Qualcomm Incorporated reported fiscal second-quarter 2026 revenue of $10.6 billion, with GAAP EPS of $6.88 and non-GAAP EPS of $2.65. The quarter included a significant $5.7 billion tax benefit tied to the release of a valuation allowance, which materially boosted GAAP net income. Core operating performance reflected mixed trends, with overall QCT revenues declining 4% year-over-year amid continued softness in the handset market.
The company emphasized diversification gains across automotive and IoT segments, which together grew 20% year-over-year. Automotive revenue reached a record $1.33 billion, up 38%, while IoT revenue increased 9% to $1.73 billion. Handset revenues declined 13% to $6.0 billion, reflecting ongoing demand pressure and memory-related constraints affecting OEM purchasing patterns. QTL licensing revenues rose 5% to $1.38 billion, maintaining strong margins at 72%.
Cristiano Amon pointed to strategic momentum in AI and data center initiatives, including a custom silicon engagement with a leading hyperscaler expected to begin initial shipments later in 2026. The company also returned $3.7 billion to shareholders during the quarter and completed $5.4 billion in share repurchases in the first half of fiscal 2026, alongside a newly authorized $20 billion buyback program. Qualcomm expects Q3 FY2026 revenues in the range of $9.2 billion to $10.0 billion, with non-GAAP EPS projected between $2.10 and $2.30.
- Total revenue: $10.6 billion (flat year-over-year on a non-GAAP basis)
- GAAP EPS: $6.88 (includes $5.33 per share tax benefit)
- Non-GAAP EPS: $2.65 (down 7% year-over-year)
- QCT revenue: $9.08 billion (-4% YoY)
- Handsets: $6.02 billion (-13% YoY)
- Automotive: $1.33 billion (+38% YoY, record)
- IoT: $1.73 billion (+9% YoY)
- QTL revenue: $1.38 billion (+5% YoY)
- Shareholder returns: $3.7 billion in Q2; $5.4 billion YTD buybacks
- New share repurchase authorization: $20 billion
- Q3 FY2026 guidance: $9.2B–$10.0B revenue; $2.10–$2.30 non-GAAP EPS
“We are in a period of profound industry transformation — the rise of AI agents is reshaping our roadmap across every platform we develop. We are equally excited by our entry into the data center, where a leading hyperscaler custom silicon engagement is on track for initial shipments later this calendar year.”

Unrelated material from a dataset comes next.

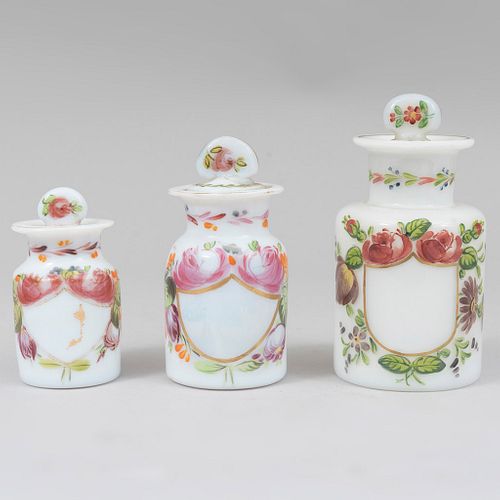 Lot of 3 "botámen" jars, 20th century, Made in La Granja style crystal, Decorated with plant, floral, organic elements.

🌐 Analysis: Qualcomm’s results reinforce a multi-year transition away from handset dependency toward automotive, IoT, and emerging AI infrastructure markets. The data center silicon engagement signals a direct challenge to incumbents such as NVIDIA, AMD, and custom ASIC programs at hyperscalers, aligning Qualcomm with broader industry shifts toward heterogeneous compute and domain-specific acceleration. Continued pressure in handsets underscores the urgency of this diversification strategy, particularly as memory constraints and regional demand variability persist.